Transformenator CSV Transform

The ExtractCSV utility function takes a file and divides it up into fixed-length records with fixed-length fields that you specify and creates a comma-separated values (CSV) file of them. Data from the original file can be interpreted as ASCII text, as EBCDIC text, or as hexadecimal values.

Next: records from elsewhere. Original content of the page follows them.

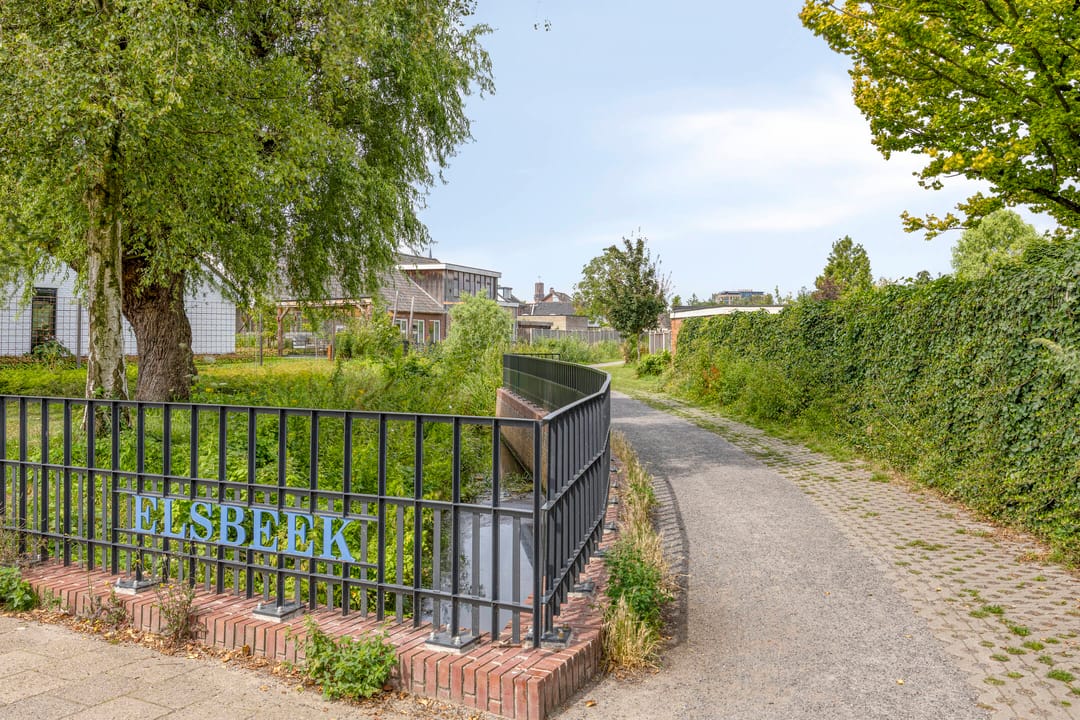 Foto 43 van Koekoekweg 28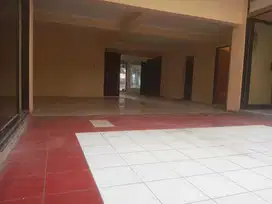 Dijual Rumah di Pluit, Luas 13x25 SHM
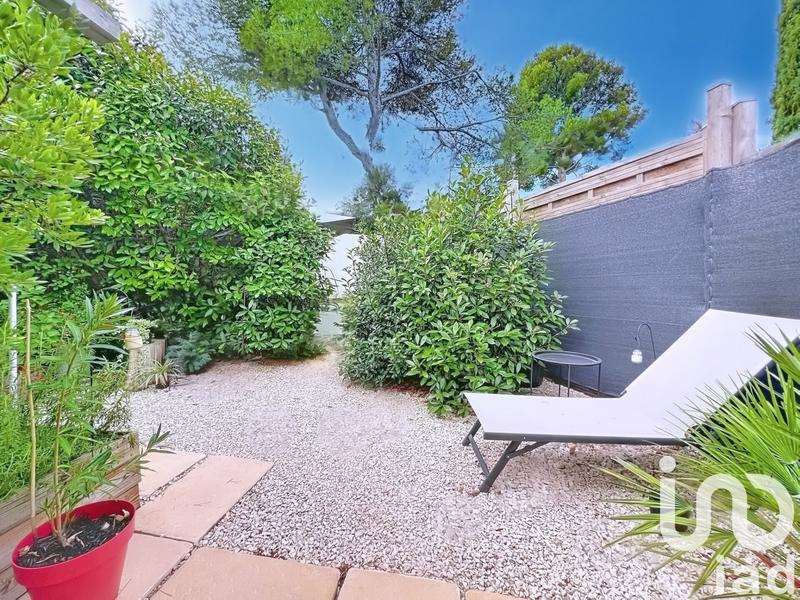 Maison - 170 m² - 8 pièces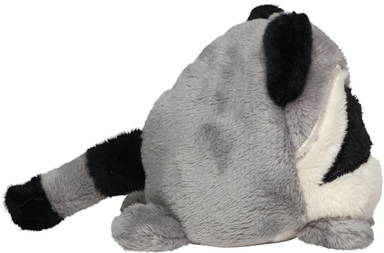 Schmoozies® Raccoon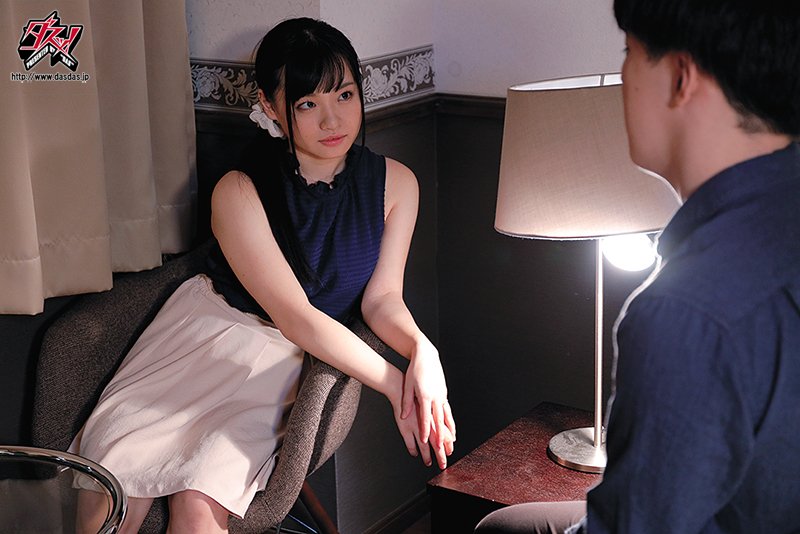 婦人科医に着床するまで中出しされて。若妻不妊治療NTR。花音うらら - Image 10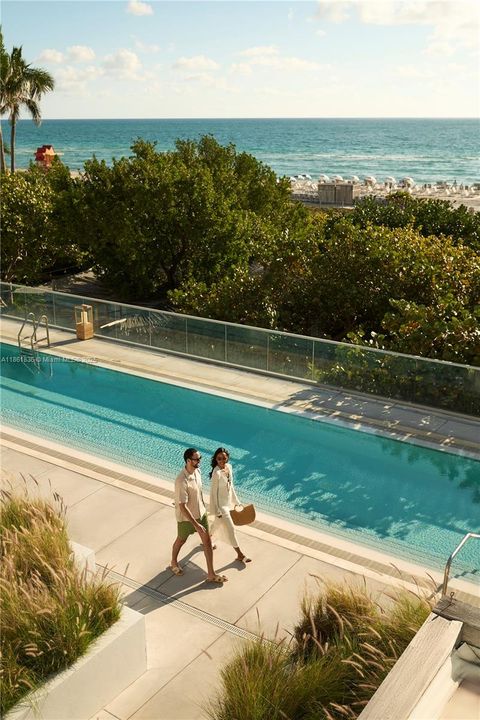 На продажу: $6,300,000 (3 спален, 3 ванн, 2092 Квадратных фут)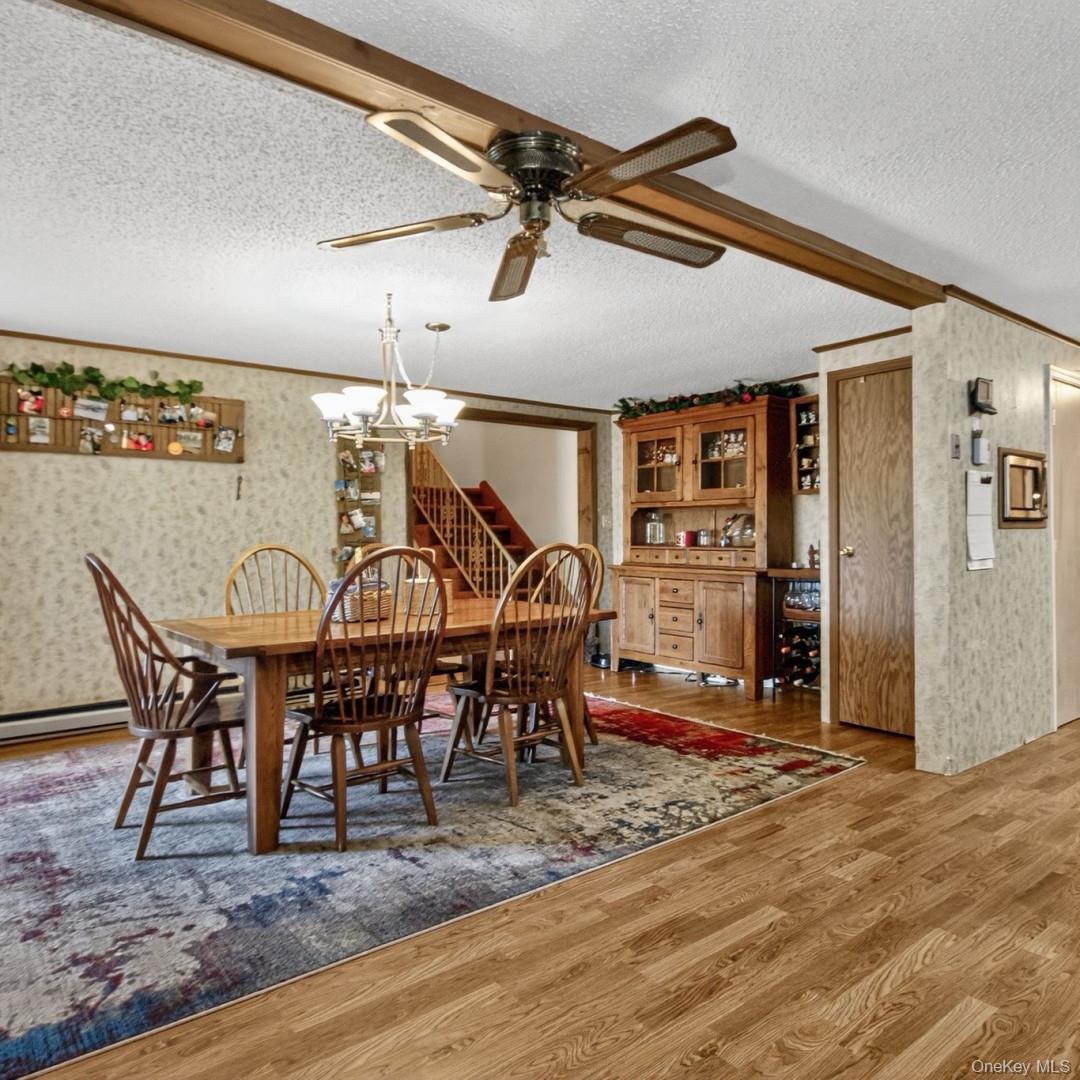 #9 photo, 69 Crabby Road, Loch Sheldrake , NY 12759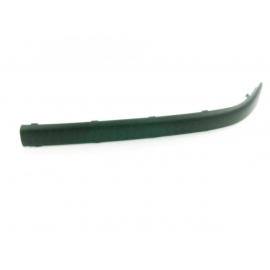 Genuine Front Bumper Protective Rubber Strip Trim Left N/S Side 51 11 8 195 289 buy in USA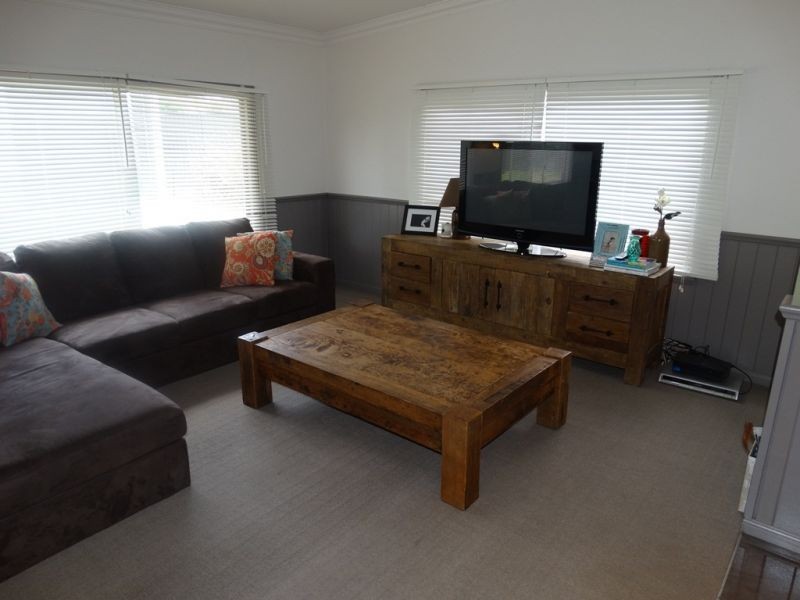 . Wood Street, Chinchilla QLD 4413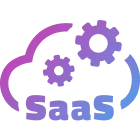 SaaS platform development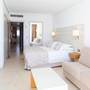 Горящие туры в отель Landmar Playa La Arena - 4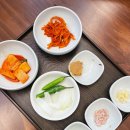 운천문구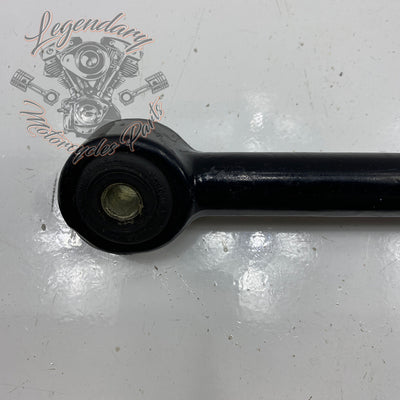 Wspornik mocowania wydechu OEM 66777-07A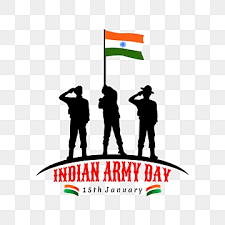 indian army png transpa images free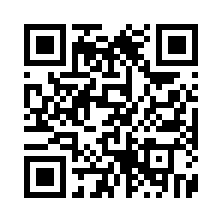 QR Code for XyNNgJL1h5UMwynNET5uom8Jxdamig2e1b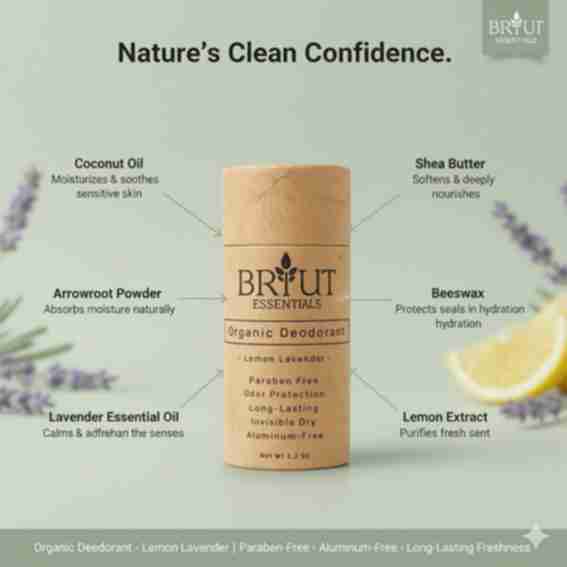 Briut Reviews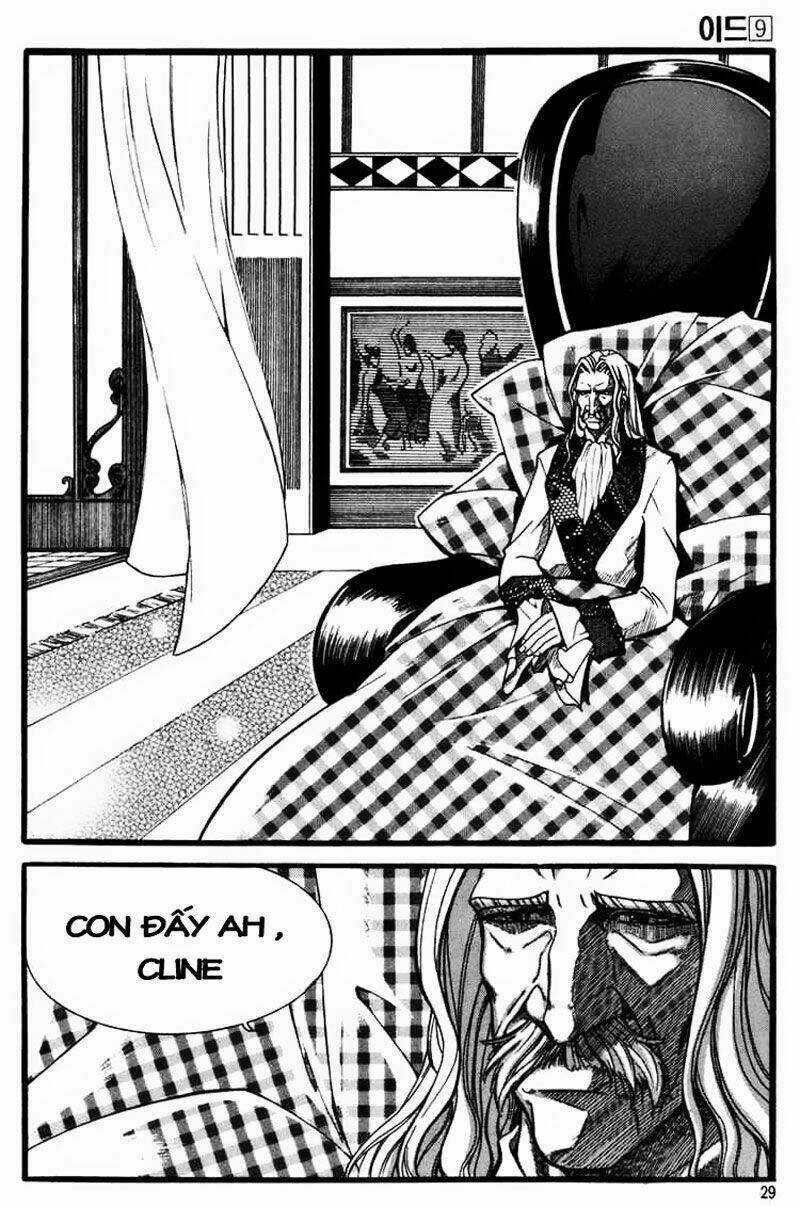 Id Chapter 52 trang 3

The table below defines the keywords and values used to define an interpretation of a file as records. Note that NEXTREC is required. The case of the keywords is not significant. All numerical values are given in undecorated hexadecimal.
Keyword Explanation Example
; Comment, will be ignored ; This text will not be considered
FirstRec (Optional) Offset (in hex bytes) to the first record to be considered FIRSTREC=0E00
NextRec (Required) Offset (in hex bytes) to the next record NEXTREC=100 ; One record every 0x100 bytes
SelectIf (Optional) criteria that must be met to consider a record for output; specification first lists the offset within the record, followed by a comma, followed by one or more hex bytes that must match. Multiple SelectIf clauses may be used to produce logical OR conditions. SELECTIF=00,40 ; First byte must be 0x40 to be valid SELECTIF=01,20 ; Or, second byte can be 0x20
Layout (Optional) Textual definition of fields based on positions of repeating characters. ; Define field layout by example LAYOUT="mmddyy..nnnnnnxxxxxxxpppppp"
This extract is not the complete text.